Casale Monferrato. Eternit. Amianto. Morte a rilascio lento. Un’intera città trasformata in un’aula di tribunale.
Taranto, l’Ilva. Dove il lavoro uccide come la disoccupazione. E l’aria si respira con la gola stretta.
Avellino, l’Isochimica. I vagoni delle Ferrovie dello Stato venivano “scoibentati” a mani nude. I lavoratori respiravano polveri d’amianto come fossero polvere da spolvero. Il capannone abbandonato, per decenni, è rimasto una camera a gas congelata nel tempo. Gli operai sono morti uno a uno, senza mai una parola in prima pagina.

Quante Seveso abbiamo avuto? Quante ancora ne avremo?

Ogni volta la stessa storia. L’opacità. Il ritardo. Le rassicurazioni. Poi la rabbia. Poi il silenzio. Poi le bare. E poi — se va bene — le leggi. Che arrivano sempre dopo. Che hanno sempre il sapore della cenere. Ma Seveso fu la prima. La madre di tutte le paure industriali. Lo spartiacque. Il momento in cui il Paese, all’improvviso, capì che il progresso poteva avvelenare i figli. Che dietro ogni ciminiera c’era una bomba a orologeria. E che bastava un guasto, un attimo, un colpo di vento — e la vita si copriva di una polvere invisibile.

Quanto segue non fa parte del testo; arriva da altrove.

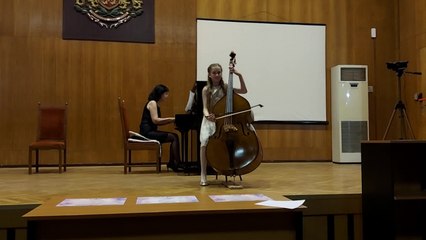 Anika Dimitrova - Caroline Emery - Austrian Clock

Oggi, a quarant’anni di distanza, il Bosco delle Querce sorge al posto del quartiere contaminato. Un parco. Un luogo di pace. Ma chi ci cammina, se sa, non può che sentirla: quella lama nel fianco della memoria. Quella ferita che la natura ha ricoperto, ma che ogni estate torna a bruciare sotto la pelle del Paese. Perché Seveso non è solo un nome. È una domanda che non ha mai avuto risposta: quanto vale la vita, quando a metterla in gioco è il profitto? E finché quella domanda resterà sospesa, Seveso continuerà a respirare. In ognuno di noi.